Die Post-Metal-Band „Ewig.Endlich.“ gehörte zu einer Vielzahl von Gruppen und Künstlern, die beim Festival am 16. September auftraten.

Die ersten hundert Plakate auf denen das Schwerter Bündnis gegen Rechts für sein Festival auf den Ruhrwiesen warb, waren Mitte August bereits gedruckt und ausgeliefert worden. Zu lesen war darauf von einem Musik-Event am 16. September 2017 mit vielen Künstlern, Gruppen und Bands.

Unter dem Titel „Schwerte demokratisch gegen Rechts“ sollte die Open-Air-Veranstaltung steigen. Seit Januar hatten die Organisatoren sich mit den Planungen beschäftigt, Mitstreiter, Bands und Vereine angesprochen und auch sonst alles Notwendige eingetütet, so Schwertes stellvertretende Bürgermeisterin Ursula Meise gegenüber unserer Redaktion.

Eine Mail von der Polizei aus Unna

Vier Wochen vor der Veranstaltung erreichte sie aber eine E-Mail der Kreispolizeibehörde Unna. Meise und die Mitorganisatoren wurden um telefonischen Rückruf gebeten. Es gebe ein Problem mit dem Namen der Veranstaltung. Genauer gesagt damit, dass dieser die politische Aussage „gegen Rechts“ im Namen führe.

Die Argumentation für die Polizei: Man habe es nicht mit einem Musikfestival, sondern mit einer öffentlichen Versammlung zu tun. „Versammeln sich mehr als zwei Menschen und werden öffentlich politische Aussagen getätigt, ist es laut Gesetz eine Versammlung, die auch als solche angemeldet und genehmigt werden muss“, sagt Polizeisprecherin Ute Hellmann.

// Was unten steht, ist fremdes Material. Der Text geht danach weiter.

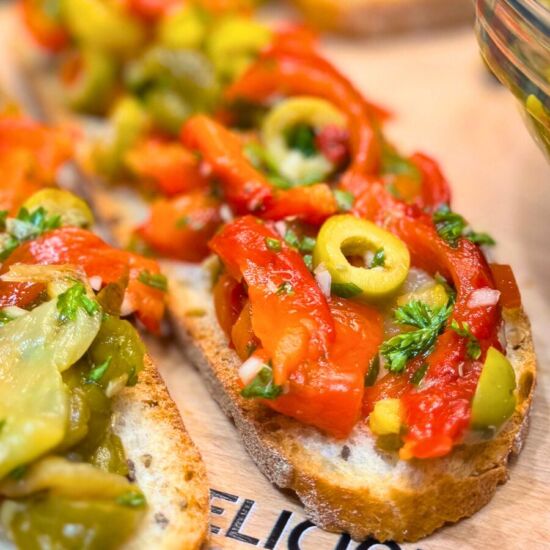 Roasted Bell Pepper and Olive Salad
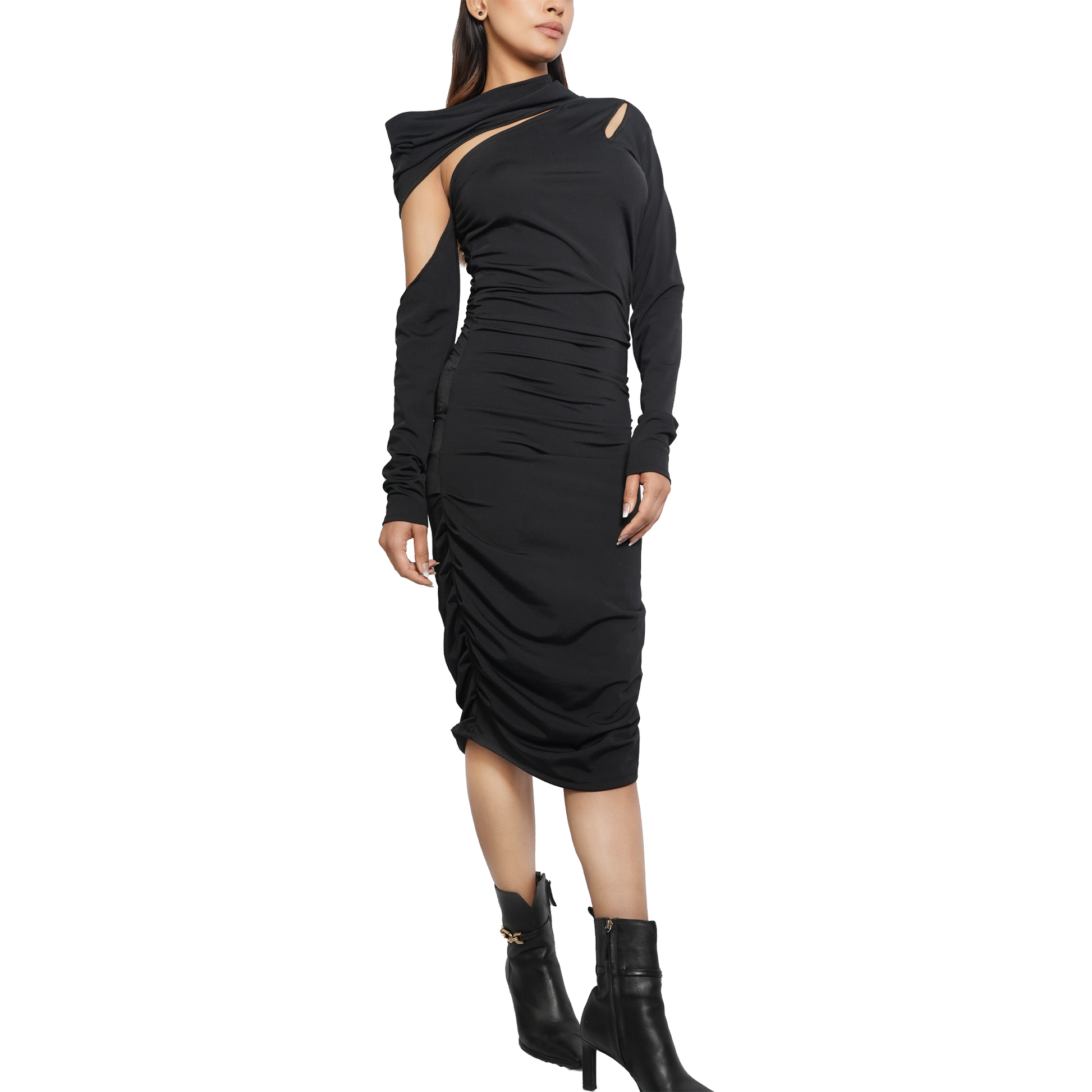 One-Shoulder Black Bodycon Midi Dress for Party, Cocktail, Night Out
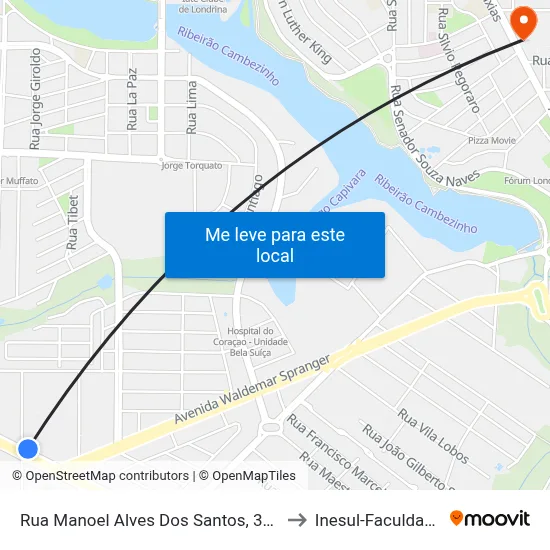 Rua Manoel Alves Dos Santos, 333 to Inesul-Faculdade map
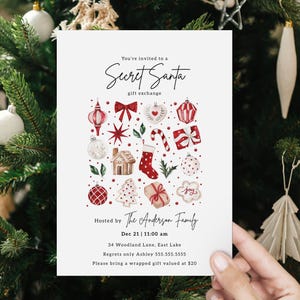 Secret Santa Invitation Template: Editable Kris Kringle Gift Exchange Evite B236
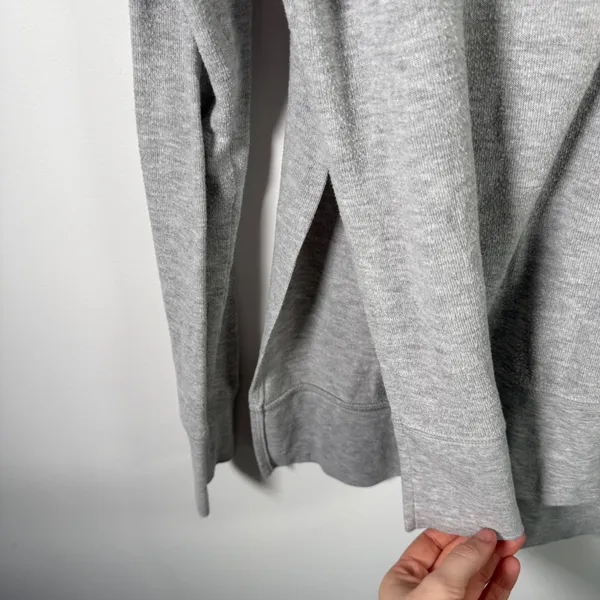 Alo Yoga Glipse Crewneck Sweatshirt Grey Athleisure Side Slit Oversized Women Sm - Image 3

Es sei nicht darum gegangen, dass man aus Behördensicht irgendeinen Einfluss auf den Namen einer Veranstaltung habe, aber der Titel „Schwerte demokratisch gegen Rechts“ habe eher eine Versammlung als eine reine Musikveranstaltung impliziert. Auch hätten Flyer mit politischen Inhalten dort verteilt werden sollen.

Veranstalter hätten neues Sicherheitskonzept erarbeiten müssen

„Wir hatten die Frage zu klären, ob wir das Ganze nun als Musikveranstaltung oder Versammlung anmelden“, so Ursula Meise. Letzteres hätte dann auch bedeutet, dass ein neues Sicherheitskonzept mit der Stadt Schwerte und der Polizei hätte erarbeitet werden müssen.

Wie Ursula Meise schildert, stand durch den angedachten Namen laut Polizei auch im Raum, dass man rein theoretisch auch eine Klientel anziehen könne, die man nicht dort haben wollte.

"Wollten keinen schwarzen Block neben einer Hüpfburg"

Konkret sprach die Kreispolizeibehörde von der Möglichkeit einer Gegendemonstration. „Einen schwarzen Block neben einer Hüpfburg wollten wir nicht“, sagt Ute Hellmann. In der Kürze der Zeit sind dann das Bündnis gegen Rechts, die Stadt und die Polizei auf einen Nenner gekommen – Musikveranstaltung statt politischer Versammlung.

Die bereits gedruckten Plakate wurden weggeworfen, neue mit dem unverfänglichen Veranstaltungstitel „Schwerte demokratisch und bunt“ gedruckt und ausgehangen. Der neue Name habe aber der guten Resonanz auf das Fest keinen Abbruch getan, wie Ursula Meise sagt.